Publié le 05 février 2018 par Luc-Henri Roger @munichandco

Kirill Petrenko dirige un Siegfried de couronnement à l'opéra de Munich

Stefan Vinke (Siegfried) et les figurants du Bayerische Staatsoper.
Crédit photographique pour toutes les photos: Wilfried Hösl


Avec Siegfried la reprise de l'Anneau des Niebelungen au Bayerische Staatsoper a atteint un climax jubilatoire qui confine à l'explosion. Le Ring dirigé par le magicien Kirill Petrenko avec un Orchestre d'Etat de Bavière et une distribution exemplaires recueille tous les suffrages, et, pour ceux qui la connaissaient déjà, revoir l'excellente mise en scène d'Andreas Kriegenburg permet de l'apprécier mieux encore, la cohérence du propos s'en voit renforcée et on y découvre une foule de détails qui échappaient presque nécessairement à l'attention  lors d'une première vision. Ainsi, et particulièrement en ce qui concerne Siegfried, Kriegenburg a-t-il souligné l'humour qui sous-tend l'écriture wagnérienne.
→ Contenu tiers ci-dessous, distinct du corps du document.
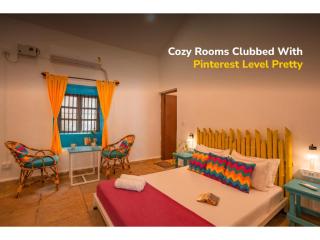 goSTOPS Lite Goa, Calangute - 7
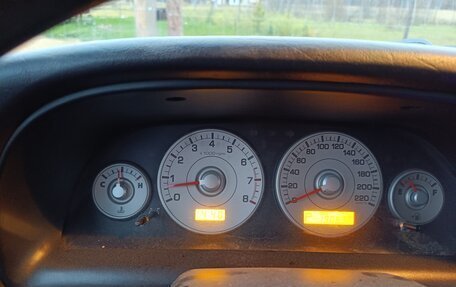 ТагАЗ Tager, 2008 год, 895 000 рублей, 13 фотография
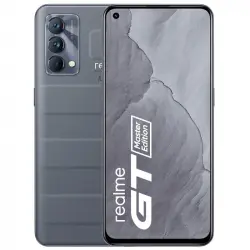 Realme GT Master Edition 5G 6/128GB Gris Libre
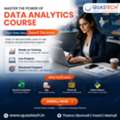 Data Analytics Course In Thane With Practical Training
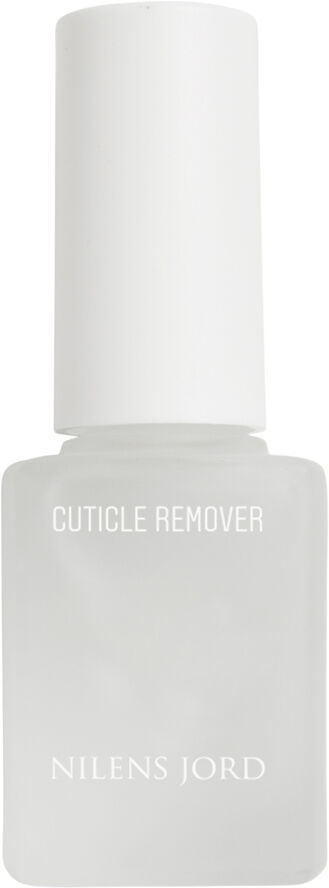 Cuticle Remover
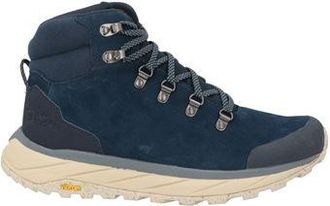Jack Wolfskin FOOTWEAR - Ankle boots on YOOX.COM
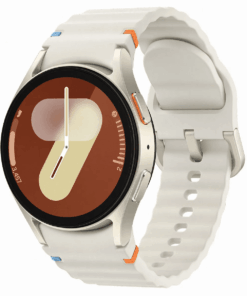Samsung Galaxy Watch7 40mm - Kräm (Cream) L300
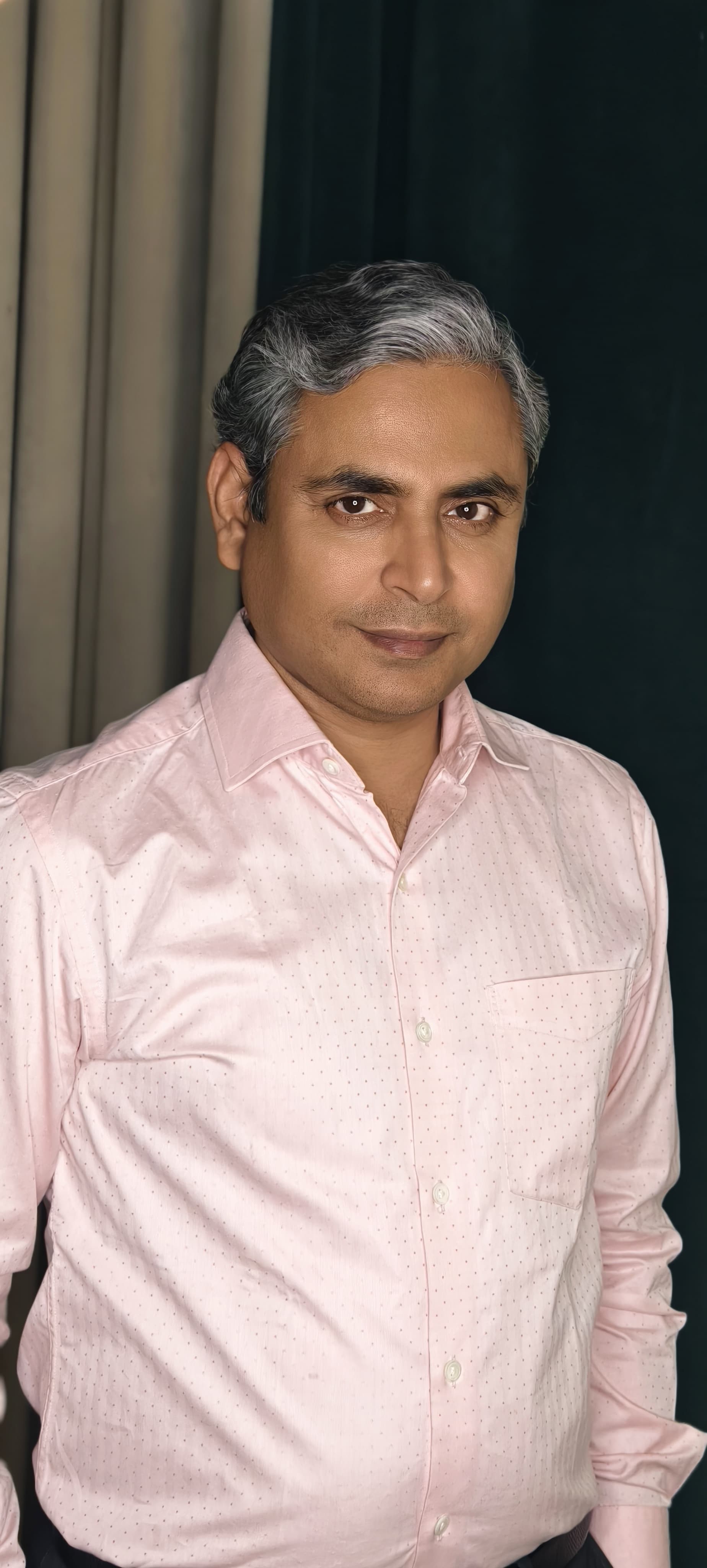 Gunjan Kumar Singh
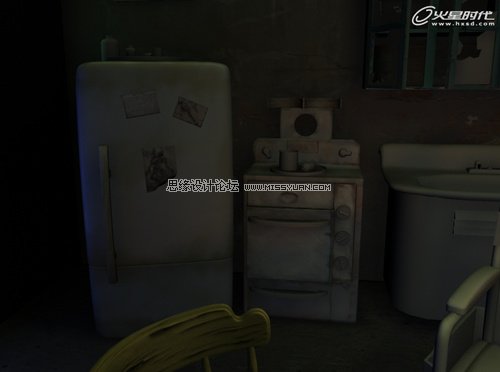 Maya�̳̣�Ԕ�⡶SAW�����������|ƪ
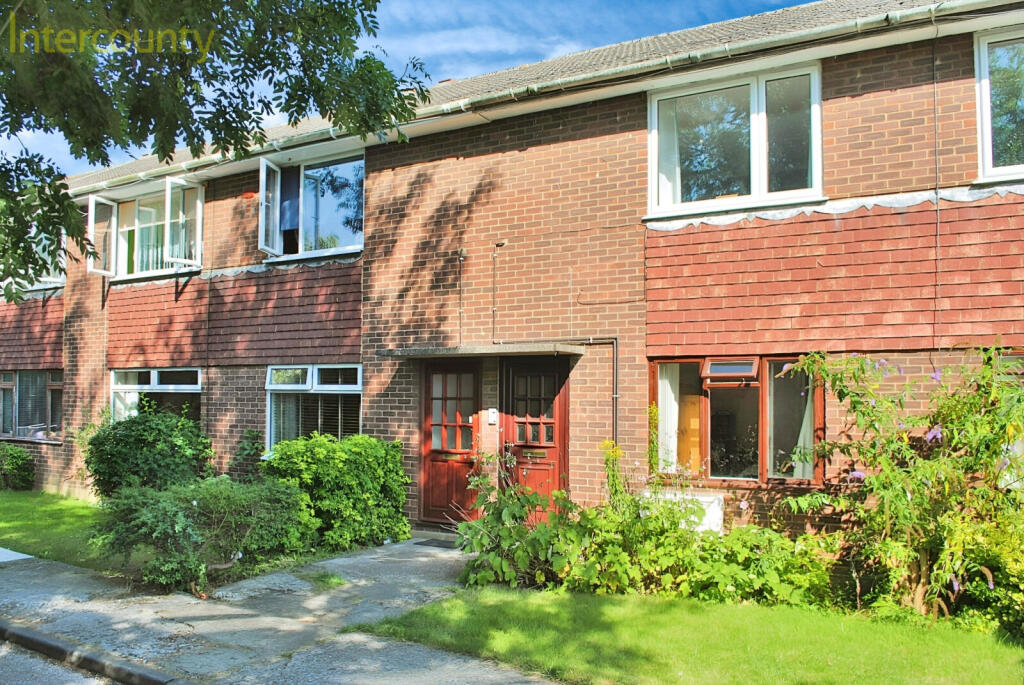 Main image of property: Bryan Road, Bishops Stortford, Hertfordshire, CM23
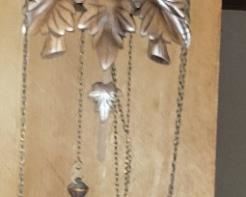 Cuckoo clock-$175.00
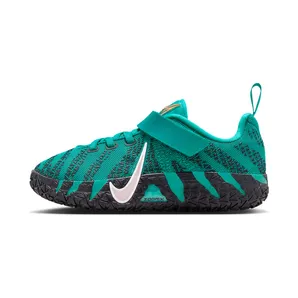 Nike Ja 3 PS “Scratch 3.0” (IB4771-300)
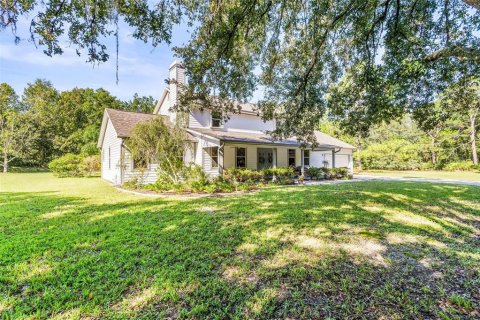 House in Wesley Chapel, Florida 5 bedrooms, 236.53 sq.m. № 1392245 - photo 3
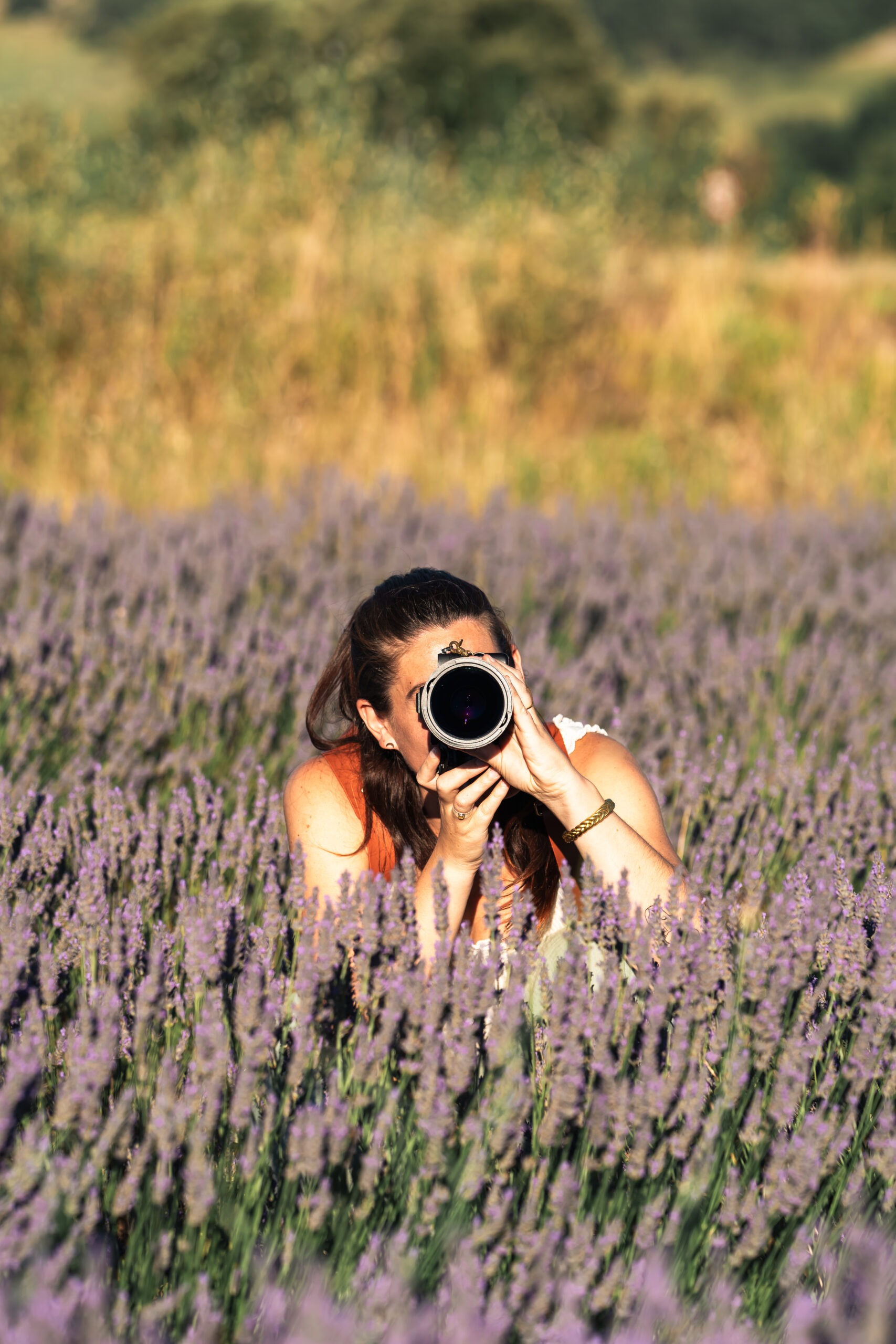 Photographe professionnelle mariage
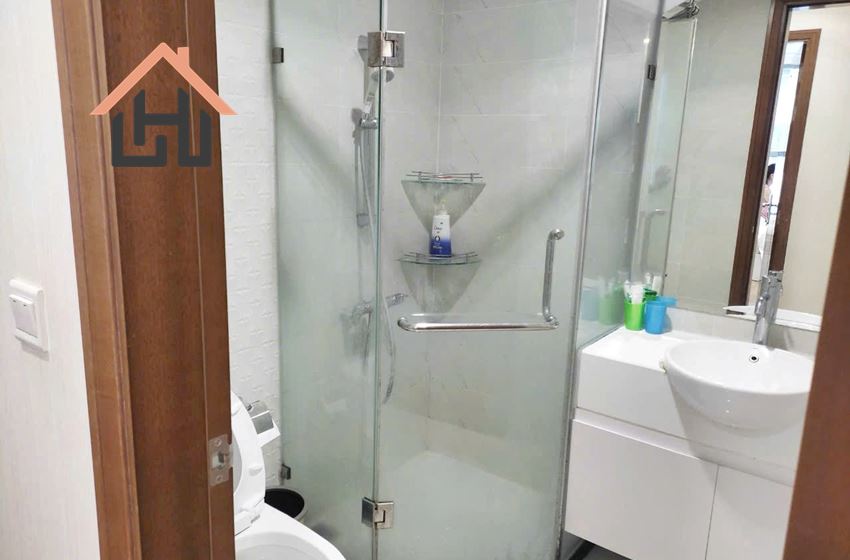 Bright Apartment in Park Hill – Times City, Hanoi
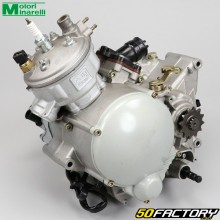Original new engine AM6 Minarelli 12 kickstarter and starter coils
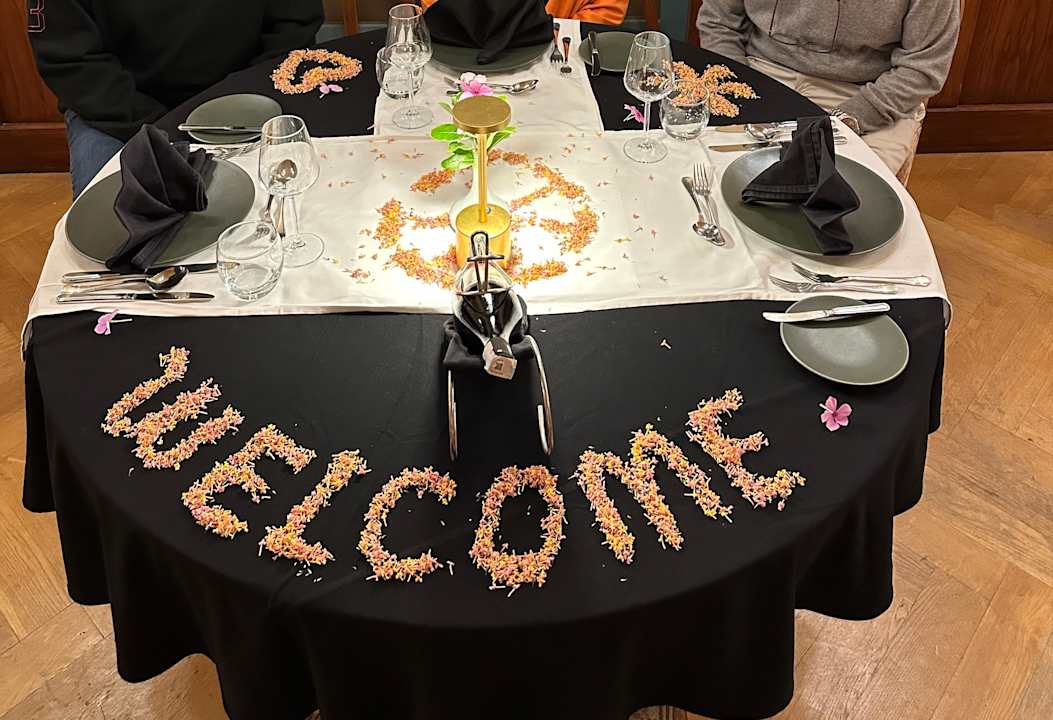 Gastro Steigenberger Golf Resort El Gouna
Kirill Petrenko dirige un Siegfried de couronnement à l'opéra de Munich

Okka von der Damerau (Erda), Egils Silins (Wanderer), figurants du BSO


Dans Siegfried, les dieux ont déjà commencé à emprunter des chemins crépusculaires, comme c'est ici le cas d'Erda et de Wotan, pour faire place au héros dont l'opéra nous raconte l'histoire aussi impétueuse que glorieuse. La narration se déroule dans un décor de fables pour adultes et, à l'instar d'un roman de formation, suit le développement du personnage de Siegfried. Elle souligne tant ses capacités héroïques que les balbutiements de sa psychologie naissante, une fois qu'il émerge du moule héroïque dans lequel il a été coulé. Si Siegfried est un héros sans peur et sans reproche dans le déploiement de ses activités physiques au sein du monde des hommes, il est particulièrement sensible et vulnérable dès qu'il s'approche du féminin: la quête incessante de la mère disparue, l'effroi naissant lorsqu'il découvre la Walkyrie endormie, les hésitations du premier amour qui le fait pénétrer dans un univers de lui inconnu, bien plus terrifiant que celui des dragons ou des parâtres empoisonneurs.
Andreas Kriegenburg raconte son histoire en la mettant en scène comme un conte mythologique. Siegfried parcourt un monde mythique enchanté, dont l'enchantement, comme, mais encore plus que dans les deux premières parties, est rendu par la présence d'une centaine de figurants conçus comme éléments du décor. Un décor fait de chairs mouvantes, un décor incarné. Kriegenburg se saisit de la chair humaine qu'il pétrit comme de la plasticine et confie aux mains précises de sa chorégraphe Zenta Haerter, ce qui a pour effet d'offrir aux quelques protagonistes un public humain et muet, manipulable à souhait, témoin impuissant, mais qui est à la fois la chambre d'écho sensible de l'action. Ces corps qui composent des remparts, un cercle de feu, une forêt ou un sol mouvant, meublent l'espace narratif par les lents mouvements de leur masse grouillante. Le travail chorégraphique est stupéfiant de précision. Des amas de corps dont les mouvements ne sont jamais spontanés mais reflètent les humeurs des personnages. Cela crée des tableaux d'une beauté saisissante. Les mouvements des figurants ne sont jamais gratuits, jamais ils ne détournent l'attention du verbe wagnérien, qu'ils servent ou soulignent. Le verbe wagnérien se fait chair, mais cette chair n'a pas d'existence propre. Et c'est là une des toutes grandes qualités de cette mise en scène, c'est qu'elle est au seul service de la musique, du texte, du chant et du théâtre. On sort émerveillé par le théâtre total de Wagner, porté par la mise en scène de Kriegenburg, qui sert Wagner avant toute chose et ne cède jamais à la tentation de la récupération de l'oeuvre à son propre profit.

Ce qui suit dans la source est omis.